§ **Record set**:

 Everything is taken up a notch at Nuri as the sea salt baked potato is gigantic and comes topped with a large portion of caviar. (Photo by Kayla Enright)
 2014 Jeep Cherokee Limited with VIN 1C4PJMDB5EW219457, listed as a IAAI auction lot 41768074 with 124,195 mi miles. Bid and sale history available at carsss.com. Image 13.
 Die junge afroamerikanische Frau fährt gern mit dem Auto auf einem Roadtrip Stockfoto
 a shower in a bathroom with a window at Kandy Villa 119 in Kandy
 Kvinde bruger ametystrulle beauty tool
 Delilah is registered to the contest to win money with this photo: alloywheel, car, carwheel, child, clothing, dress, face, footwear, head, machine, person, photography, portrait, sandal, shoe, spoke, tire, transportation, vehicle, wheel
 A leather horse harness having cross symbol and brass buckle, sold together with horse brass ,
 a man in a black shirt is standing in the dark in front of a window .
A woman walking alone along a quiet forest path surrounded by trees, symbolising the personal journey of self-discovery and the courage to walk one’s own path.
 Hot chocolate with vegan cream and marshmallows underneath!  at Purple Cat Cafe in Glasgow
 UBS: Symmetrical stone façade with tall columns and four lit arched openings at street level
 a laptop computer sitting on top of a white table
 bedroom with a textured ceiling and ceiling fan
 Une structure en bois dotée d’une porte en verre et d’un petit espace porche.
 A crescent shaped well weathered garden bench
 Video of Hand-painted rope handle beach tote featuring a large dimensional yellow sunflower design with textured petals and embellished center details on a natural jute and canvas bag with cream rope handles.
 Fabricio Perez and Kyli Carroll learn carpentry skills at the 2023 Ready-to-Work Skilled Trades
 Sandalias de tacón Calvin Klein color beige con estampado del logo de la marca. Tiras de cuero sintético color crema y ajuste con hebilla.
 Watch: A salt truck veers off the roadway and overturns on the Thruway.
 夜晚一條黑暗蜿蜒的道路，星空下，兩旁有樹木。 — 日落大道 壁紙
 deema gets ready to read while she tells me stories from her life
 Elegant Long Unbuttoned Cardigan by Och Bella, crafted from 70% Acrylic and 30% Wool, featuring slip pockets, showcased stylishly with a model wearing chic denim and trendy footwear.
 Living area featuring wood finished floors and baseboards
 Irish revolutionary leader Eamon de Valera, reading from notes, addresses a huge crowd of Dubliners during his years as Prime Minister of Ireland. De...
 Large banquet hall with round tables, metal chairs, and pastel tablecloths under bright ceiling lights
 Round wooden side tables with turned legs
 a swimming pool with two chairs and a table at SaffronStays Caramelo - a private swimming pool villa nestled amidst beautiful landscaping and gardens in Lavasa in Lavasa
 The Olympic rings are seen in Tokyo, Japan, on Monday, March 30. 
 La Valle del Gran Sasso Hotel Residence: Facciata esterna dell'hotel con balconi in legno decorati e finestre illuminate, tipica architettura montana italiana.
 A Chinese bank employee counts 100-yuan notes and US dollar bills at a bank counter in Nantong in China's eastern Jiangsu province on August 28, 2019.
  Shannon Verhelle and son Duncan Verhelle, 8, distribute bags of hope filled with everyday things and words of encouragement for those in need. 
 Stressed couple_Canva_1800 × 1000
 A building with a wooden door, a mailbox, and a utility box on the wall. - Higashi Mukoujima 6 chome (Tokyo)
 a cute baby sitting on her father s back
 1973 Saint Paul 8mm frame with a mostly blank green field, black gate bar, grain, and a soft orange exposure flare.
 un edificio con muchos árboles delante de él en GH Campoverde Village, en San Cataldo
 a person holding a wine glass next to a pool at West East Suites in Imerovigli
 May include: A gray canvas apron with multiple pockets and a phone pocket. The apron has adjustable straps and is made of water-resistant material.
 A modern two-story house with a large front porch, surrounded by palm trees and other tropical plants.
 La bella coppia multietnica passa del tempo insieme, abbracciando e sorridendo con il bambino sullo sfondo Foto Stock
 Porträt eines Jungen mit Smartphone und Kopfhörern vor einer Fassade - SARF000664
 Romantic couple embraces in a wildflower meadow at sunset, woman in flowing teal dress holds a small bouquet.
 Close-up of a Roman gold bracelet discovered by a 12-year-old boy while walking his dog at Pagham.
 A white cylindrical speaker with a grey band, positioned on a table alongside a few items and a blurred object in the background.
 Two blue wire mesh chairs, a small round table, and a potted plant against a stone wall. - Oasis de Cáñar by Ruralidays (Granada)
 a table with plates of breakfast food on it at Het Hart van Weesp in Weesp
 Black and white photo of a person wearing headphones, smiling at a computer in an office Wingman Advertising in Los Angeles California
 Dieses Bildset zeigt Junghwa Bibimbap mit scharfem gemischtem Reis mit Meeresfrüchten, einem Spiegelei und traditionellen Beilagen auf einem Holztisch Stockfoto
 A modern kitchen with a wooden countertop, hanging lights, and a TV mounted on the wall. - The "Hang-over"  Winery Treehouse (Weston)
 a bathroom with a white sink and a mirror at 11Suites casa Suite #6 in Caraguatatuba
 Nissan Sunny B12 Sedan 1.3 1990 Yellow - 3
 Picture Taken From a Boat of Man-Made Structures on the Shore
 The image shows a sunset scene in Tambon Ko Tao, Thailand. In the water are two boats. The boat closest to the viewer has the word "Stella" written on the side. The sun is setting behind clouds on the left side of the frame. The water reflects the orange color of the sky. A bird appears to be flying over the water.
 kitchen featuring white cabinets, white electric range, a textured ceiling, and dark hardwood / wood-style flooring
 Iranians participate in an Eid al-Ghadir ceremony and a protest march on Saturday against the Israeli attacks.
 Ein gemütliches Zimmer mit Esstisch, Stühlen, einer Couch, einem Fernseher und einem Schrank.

§ **Problem**:
Whenever a line in the listing above includes the word "window", return that line.

§ **Output for this exercise**:
 a shower in a bathroom with a window at Kandy Villa 119 in Kandy
 a man in a black shirt is standing in the dark in front of a window .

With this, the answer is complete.